He brings up a good point. There is a disconnect now that we haven't had before. It used to be *work* to connect with our loved ones, unless we lived in the same house. If you wanted to say "thank you" or "you're invited," you wrote. Like, a letter. With your hands. And paper. Maybe you had to keep an inkwell filled and a good, sharpened quill. There were no computers, no cell phones, no texting and no evites. There were no electronic greeting cards and no voicemails.
There was one thing, though: Investment. There was a personal, emotional, spiritual and certainly time-involved investment in communication. You meant what you said and you said what you meant, or it was going to be forever memorialized in written form. Tangible, documented, forever. That's big stuff.
I see Facebook as such a wonderful invention, but sadly I see it abused. I see status updates that divulge private marital issues, issues beyond what Facebook friends have business seeing. It is so hard to keep some things private or to ones' self, and some things should be shared. In person. On the phone. Privately with the select one or two people who are best for sharing heartaches and frustrations. Not the 200 people on a "friends' list," which is really a contact list with a variety of folks on it. I worry that we dishonor our partners when we espouse the various sins, disappointments, and heartbreaks we experience with them with a few clicks of the keyboard.
I'm not criticizing or trying to hurt. I have very close friends and people I love very much whom I have seen do this very thing, and I know that they have the best of intentions. I really do. I would just caution putting your love life and your partnership with your spouse or loved one on the line and drawing attention for everyone to see and know their faults. In marriage, at least, I feel this dishonors your spouse. Just a thought.

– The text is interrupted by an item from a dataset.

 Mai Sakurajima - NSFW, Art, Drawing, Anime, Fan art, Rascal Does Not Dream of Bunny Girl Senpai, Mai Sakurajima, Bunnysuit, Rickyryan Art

Till when? Till what? Till...it becomes hard? Till it becomes unbearably hard? Till you hurt me deeply, disappoint me, fail me, misunderstand me? Till I become bored? Till what my idea of romance, which might actually be infatuation, begins to fade? Till the newer, fresher, blonder, slimmer version comes along? Till death do us part, really? Really. Really? Holy crap. That is huge. That is HUGE. So much so, that when entered into in a Christian marriage, it is considered a covenant with God. So there are three in the marriage--you, spouse, God. Probably best to not have it in that order. I know I often have it in that order: ME, spouse, then God. Hmmmmm....I've found that when I reverse that order--God, spouse, me--things seem to work so much better. And guess what? Romance, over time, becomes restored.

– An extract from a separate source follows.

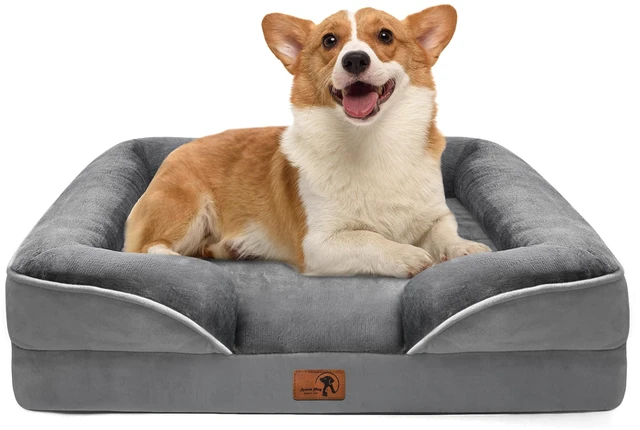 Main image of Orthopedic Dog Bed with Sides - Dog Sofa Beds for Medium Dogs, Supportive Foam Pet Couch Bed with Washable Removable Cover, Waterproof Lining and Non-Slip Bottom, Grey - M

Romance is a time commitment, a decision. It is the act of love. Love is a feeling and a decision, but romance is the verb part. It's what you do and how you act when you decide to love your partner. Yeah, inconvenient as it is sometimes, love is a choice, and sometimes not an easy one. It sometimes really sucks. It isn't some that "happens" to you--like the cheating spouse may say, "I didn't mean to do it, it just happened!" Well, unless rendered unconscious and made to do so somehow against his/her will, I will argue that this is completely untrue. You make a decision to behave, to love, to act on it, and you do so accordingly. People don't accidentally fall in love---they may notice each other and have desires, yes, but they do not love any other way but on PURPOSE. It is then work and a choice to continue to nurture that love.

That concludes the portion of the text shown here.